When writing the function for tokenize_sentences() the unit tests failed on this expectation.
Wrong output values.
Expected: [[‘really’, ‘really’, ‘long’, ‘sentence’, ‘.’, ‘it’, ‘is’, ‘very’, ‘long’, ‘indeed’, ‘;’, ‘so’, ‘long’, ‘…’]]
Got: [[‘really’, ‘really’, ‘long’, ‘sentence.’, ‘it’, ‘is’, ‘very’, ‘long’, ‘indeed;’, ‘so’, ‘long…’]].
I was surprised as I don’t see how you can split the sentence keeping repeated punctuation in its own section without using the python regex library. So I added that and tests passed.

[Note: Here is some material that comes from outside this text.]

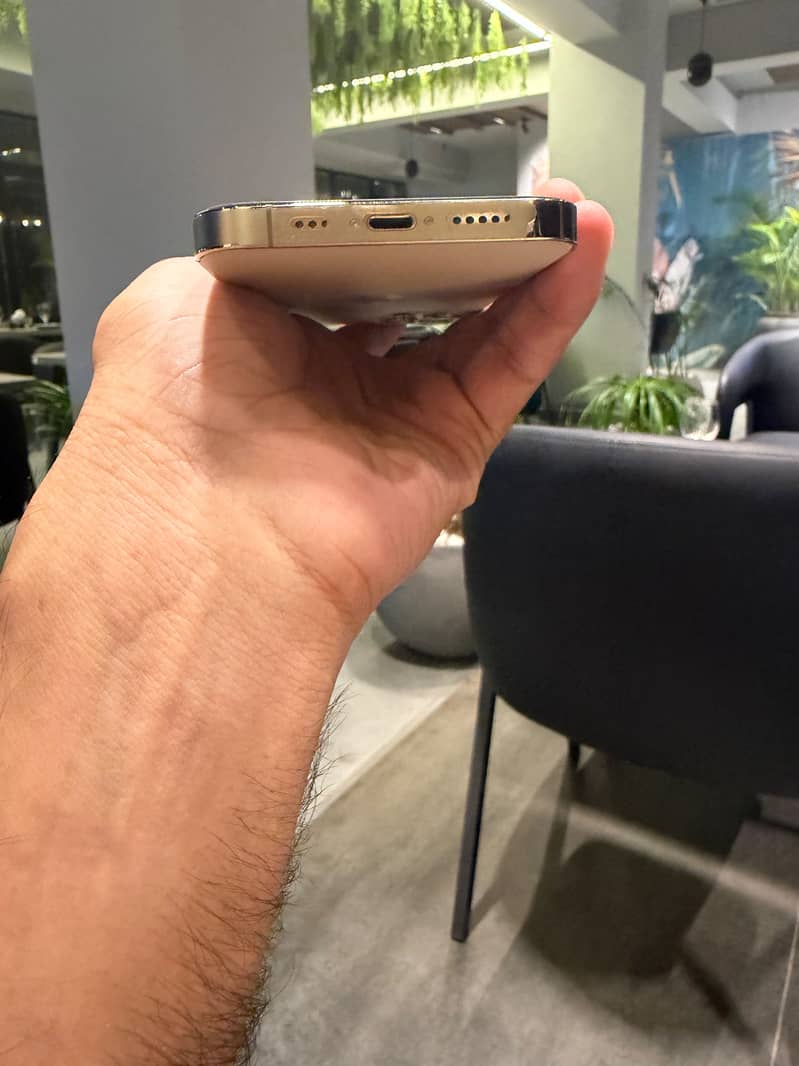 Apple iPhone 12 Pro 7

A few lines later in the assignment I see this for the expected output on the test set.
[‘that’, ‘picture’, ‘i’, ‘just’, ‘seen’, ‘whoa’, ‘dere’, ‘!’, ‘!’, ‘>’, ‘>’, ‘>’, ‘>’, ‘>’, ‘>’, ‘>’]
This seems to contradict the unit test expectation. Luckily I was able to proceed. But I am wondering what the expectation is for how the tokenize_sentences() function is supposed to split on repeated punctuation. Should it keep the exclamations together like
‘!!’ or should it split on each character like ‘!’,‘!’?